(Short web captions)
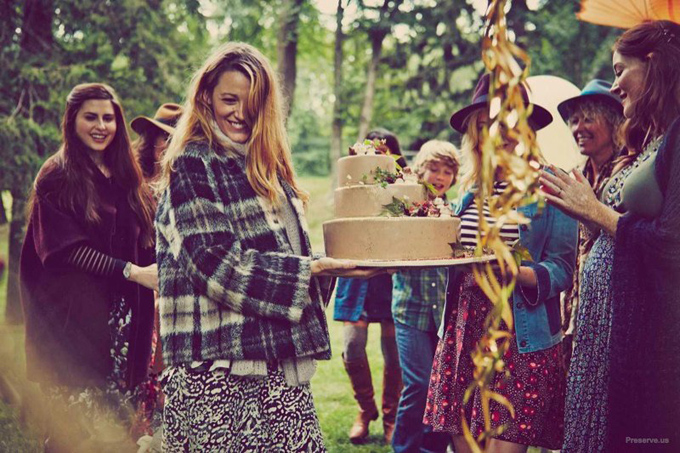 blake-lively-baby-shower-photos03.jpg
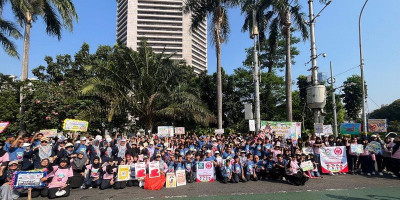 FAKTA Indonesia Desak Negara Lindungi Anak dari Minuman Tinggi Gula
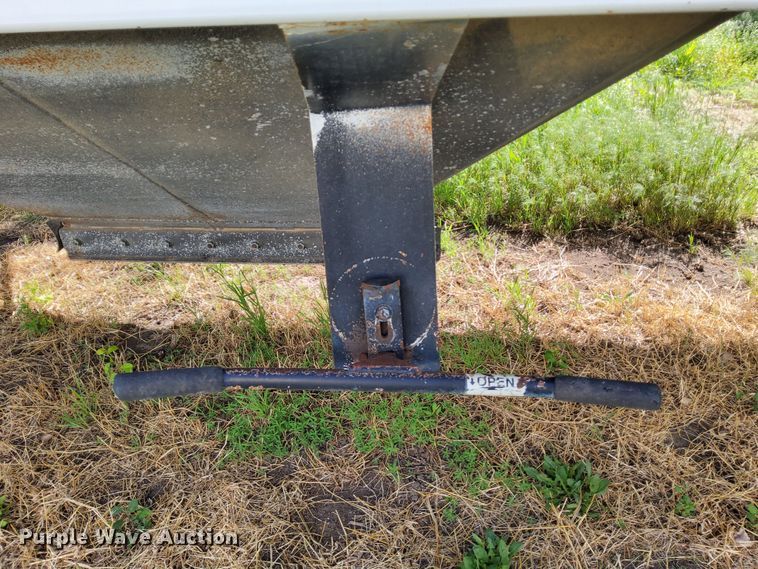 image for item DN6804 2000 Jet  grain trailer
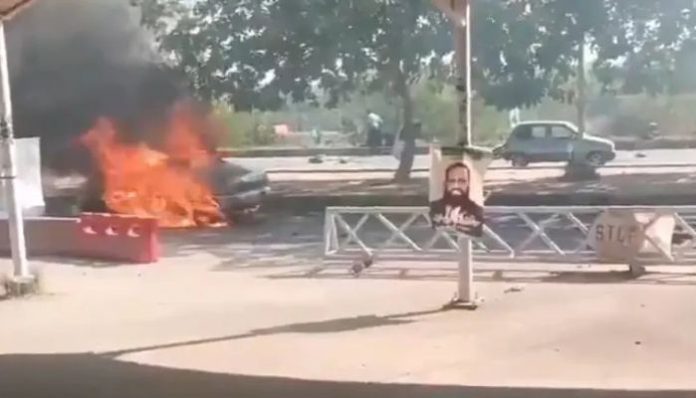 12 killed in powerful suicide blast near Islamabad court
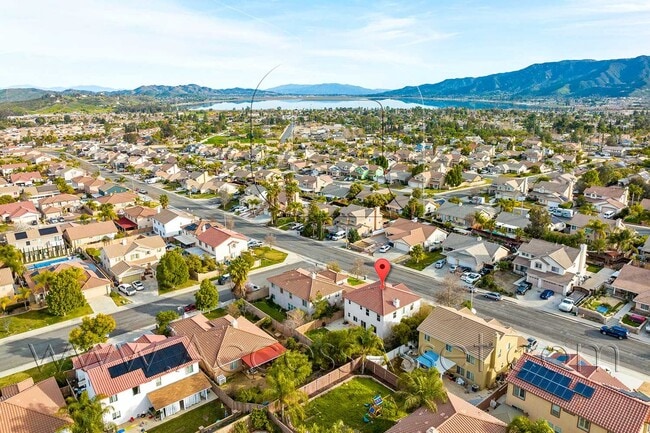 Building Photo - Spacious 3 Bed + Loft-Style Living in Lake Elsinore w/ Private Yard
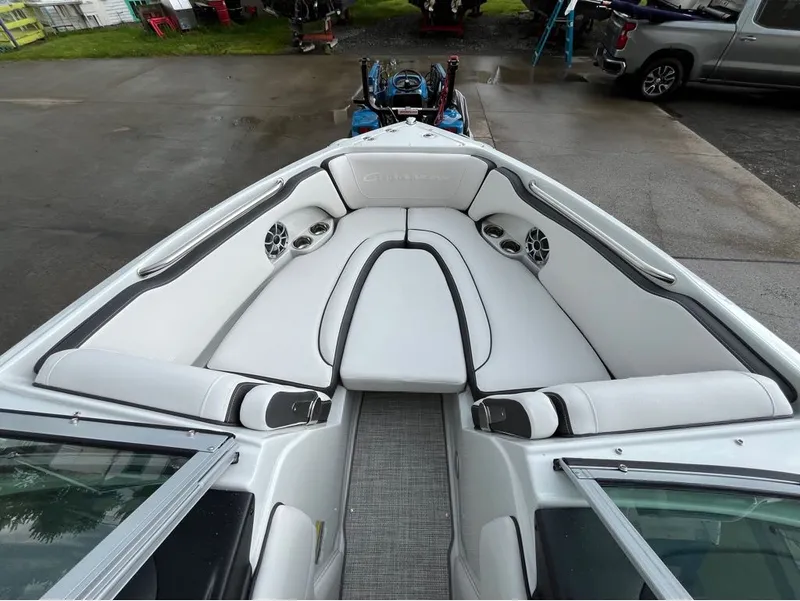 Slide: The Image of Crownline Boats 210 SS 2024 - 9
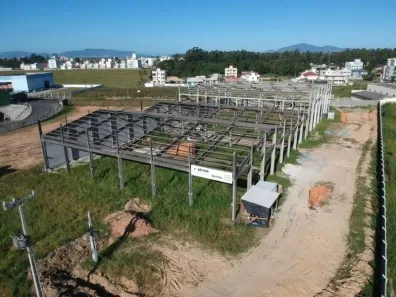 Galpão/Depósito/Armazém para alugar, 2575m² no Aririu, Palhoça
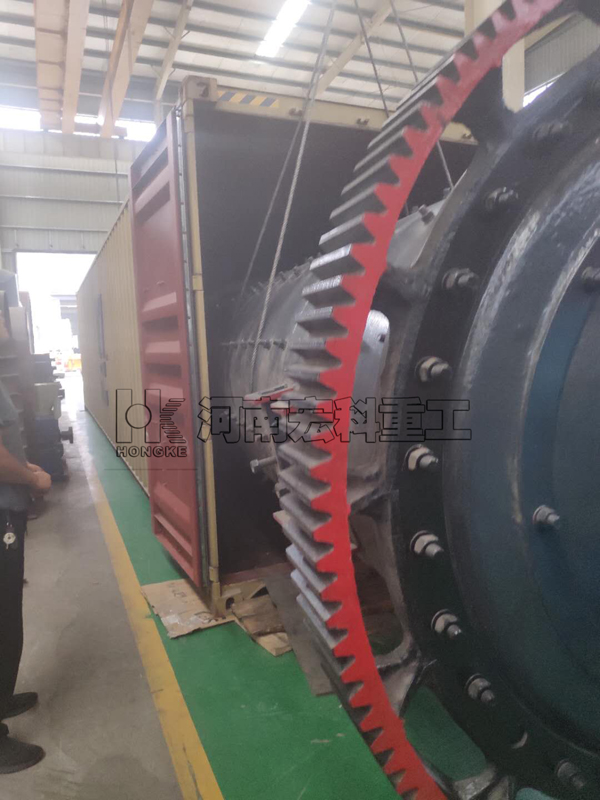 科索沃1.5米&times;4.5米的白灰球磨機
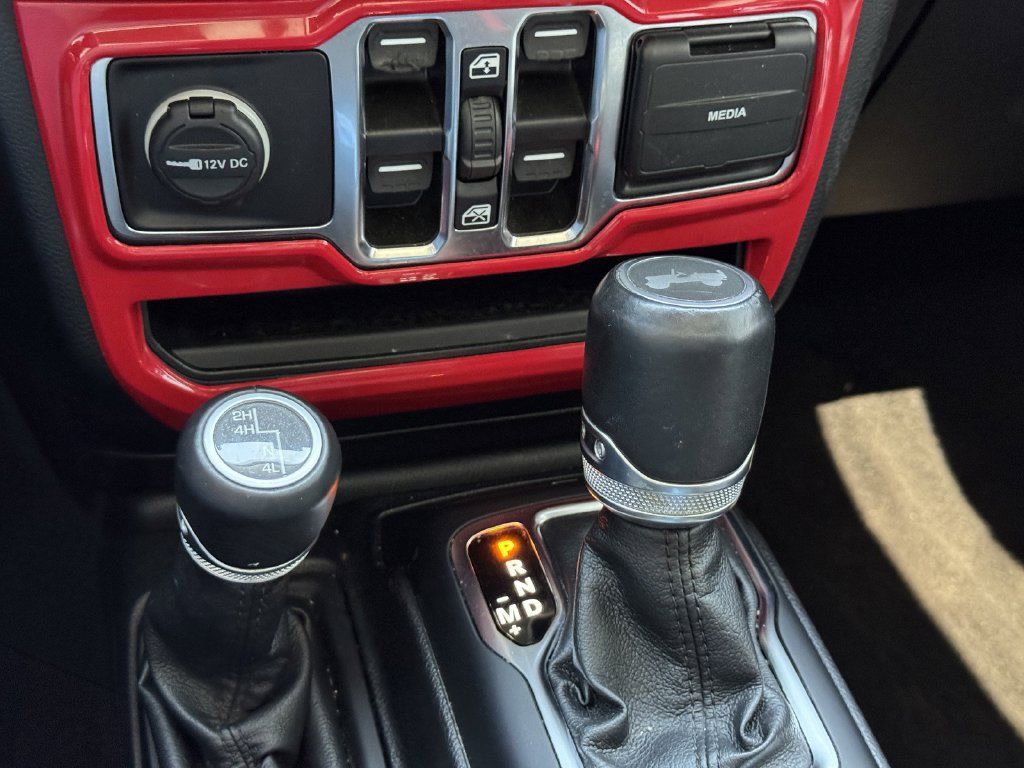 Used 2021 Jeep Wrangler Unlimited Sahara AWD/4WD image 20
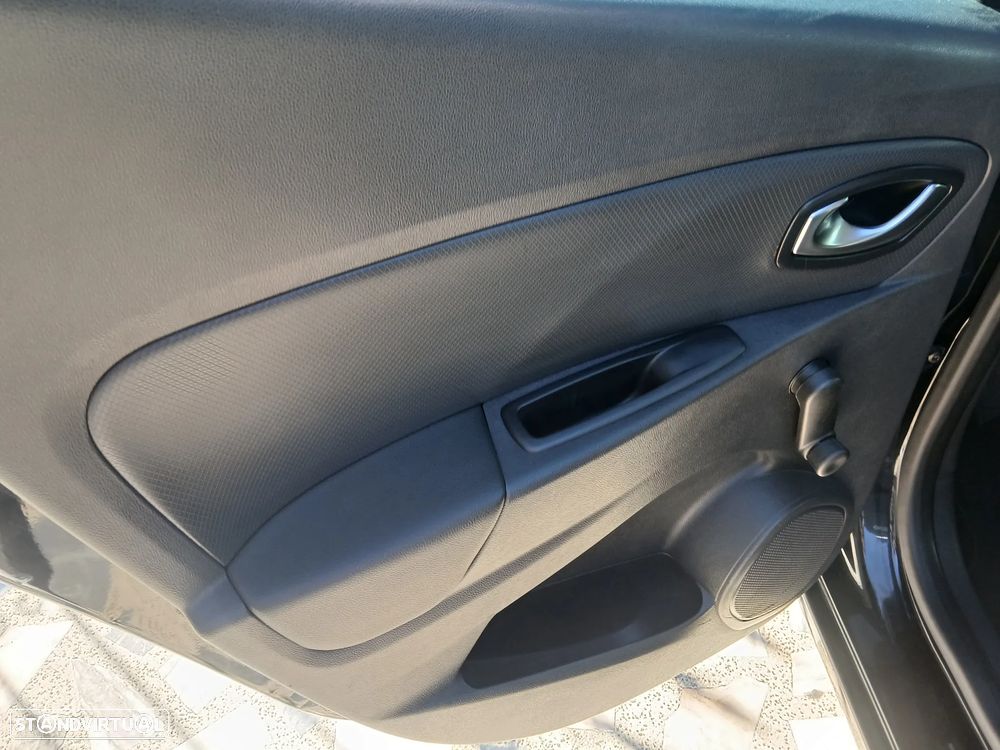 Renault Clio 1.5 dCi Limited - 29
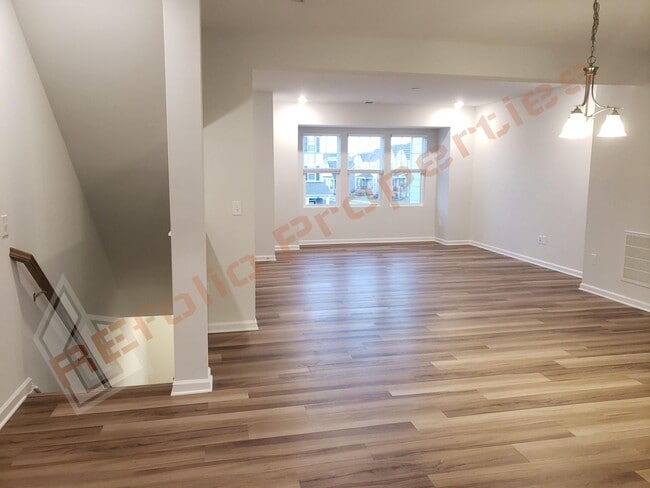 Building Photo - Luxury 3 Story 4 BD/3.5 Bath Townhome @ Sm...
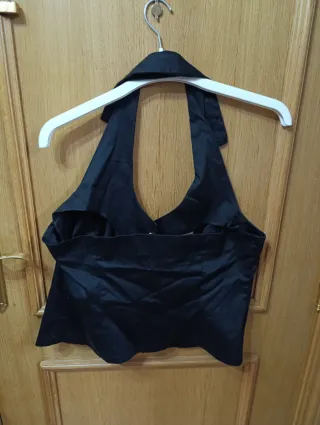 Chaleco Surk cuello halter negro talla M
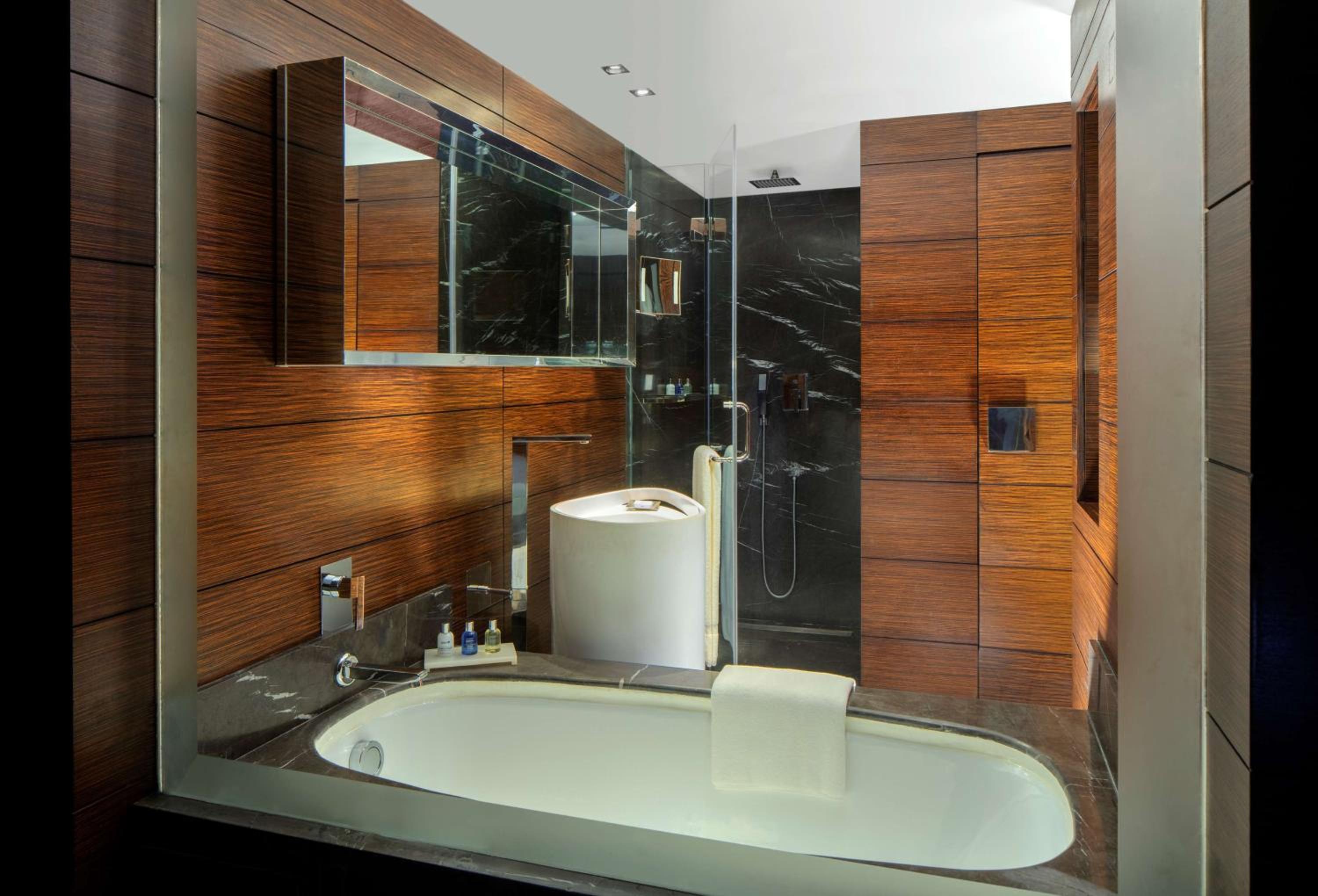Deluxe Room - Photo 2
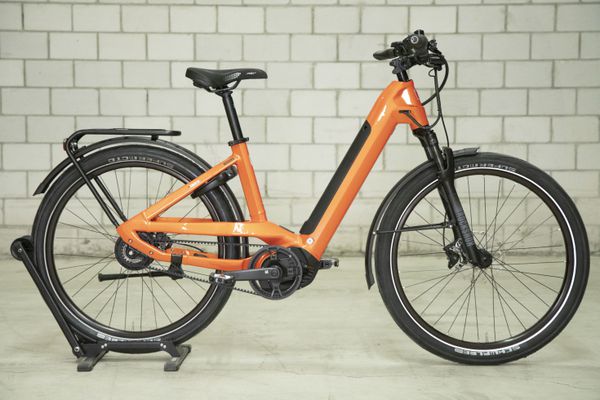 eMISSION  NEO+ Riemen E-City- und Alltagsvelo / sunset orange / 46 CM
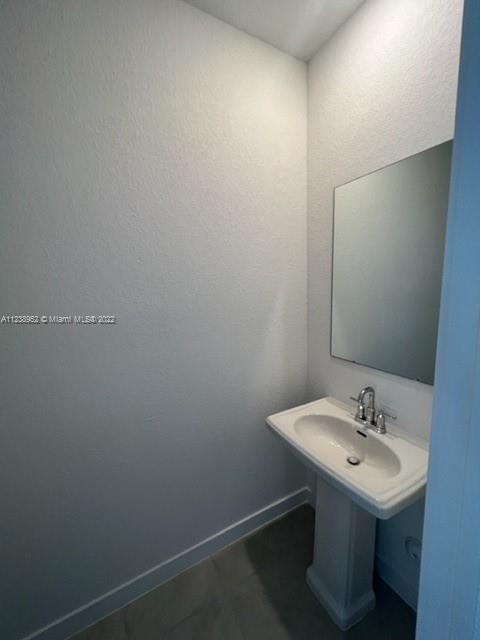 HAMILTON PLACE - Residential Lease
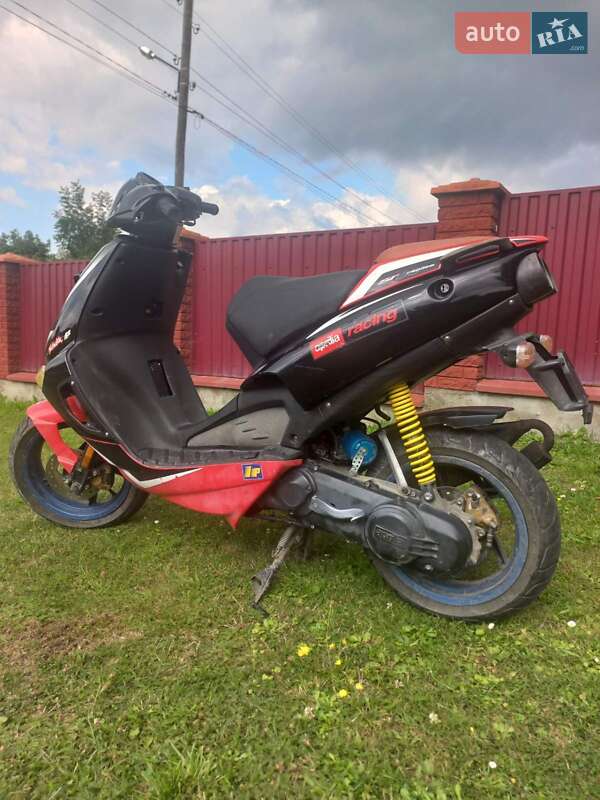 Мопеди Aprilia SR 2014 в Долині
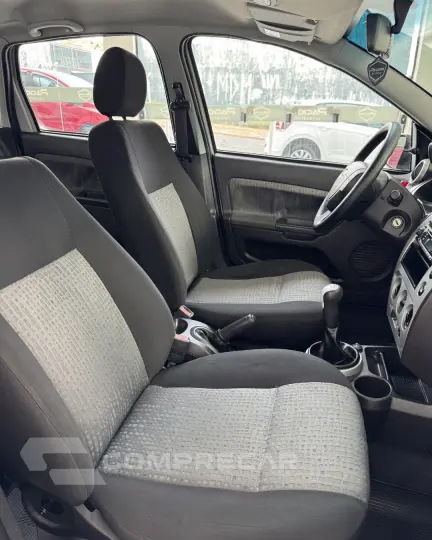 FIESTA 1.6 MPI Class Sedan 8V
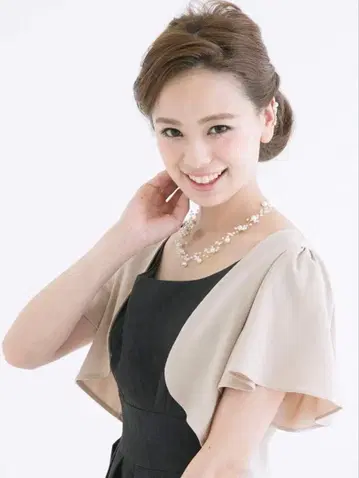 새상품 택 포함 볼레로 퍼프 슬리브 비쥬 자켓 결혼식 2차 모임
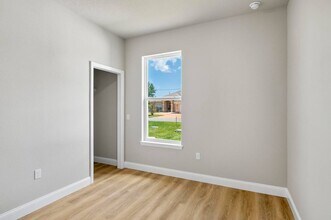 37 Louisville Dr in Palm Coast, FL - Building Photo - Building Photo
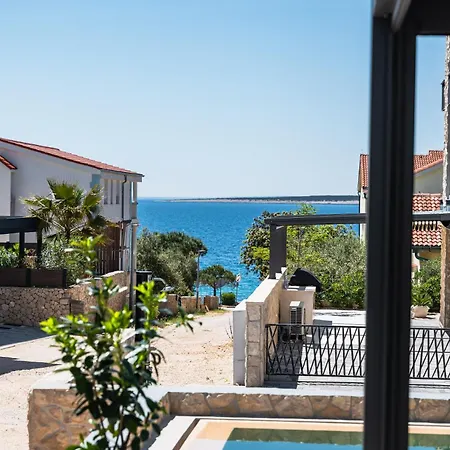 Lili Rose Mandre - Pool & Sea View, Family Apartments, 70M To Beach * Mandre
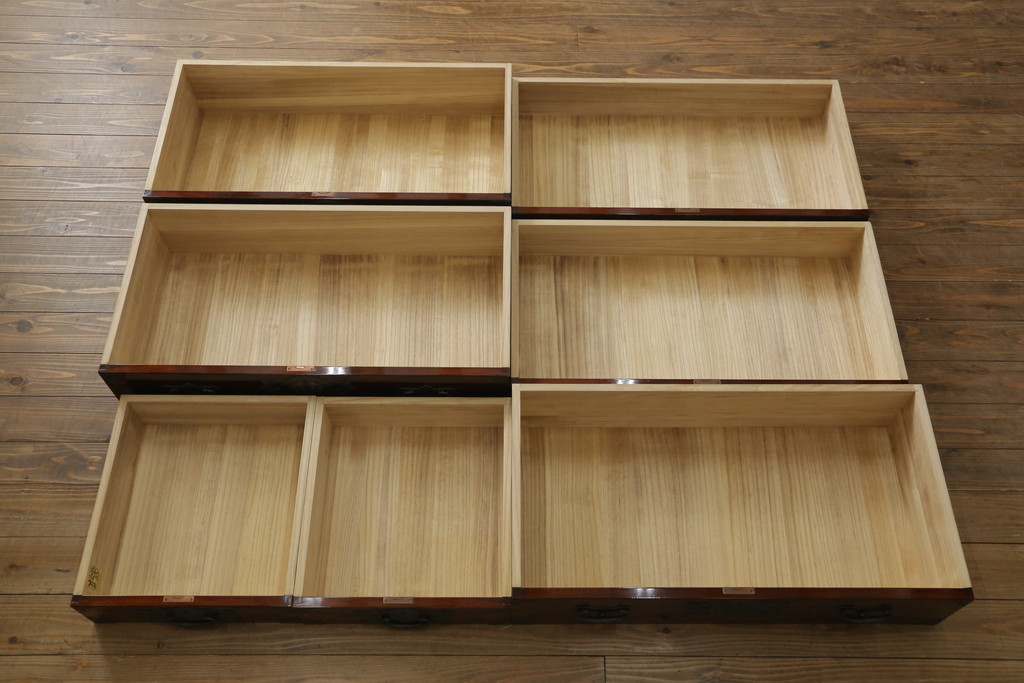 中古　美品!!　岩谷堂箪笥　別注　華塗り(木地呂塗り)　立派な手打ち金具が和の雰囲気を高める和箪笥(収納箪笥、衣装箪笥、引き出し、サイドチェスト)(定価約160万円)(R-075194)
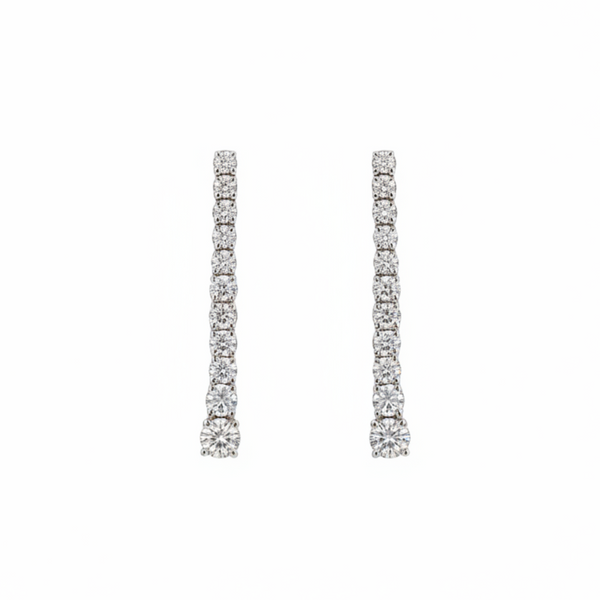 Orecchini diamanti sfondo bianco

TO DO -
Instructions for the copy: start at the first entry, stop after the line containing "Мопеди Aprilia SR 2014 в Долині", keep every line exact, and drop the pictures.

REPLY TO THE TASK -
 blake-lively-baby-shower-photos03.jpg
 FAKTA Indonesia Desak Negara Lindungi Anak dari Minuman Tinggi Gula
 image for item DN6804 2000 Jet  grain trailer
 12 killed in powerful suicide blast near Islamabad court
 Building Photo - Spacious 3 Bed + Loft-Style Living in Lake Elsinore w/ Private Yard
 Slide: The Image of Crownline Boats 210 SS 2024 - 9
 Galpão/Depósito/Armazém para alugar, 2575m² no Aririu, Palhoça
 科索沃1.5米&times;4.5米的白灰球磨機
 Used 2021 Jeep Wrangler Unlimited Sahara AWD/4WD image 20
 Renault Clio 1.5 dCi Limited - 29
 Building Photo - Luxury 3 Story 4 BD/3.5 Bath Townhome @ Sm...
 Chaleco Surk cuello halter negro talla M
Deluxe Room - Photo 2
 eMISSION  NEO+ Riemen E-City- und Alltagsvelo / sunset orange / 46 CM
 HAMILTON PLACE - Residential Lease
 Мопеди Aprilia SR 2014 в Долині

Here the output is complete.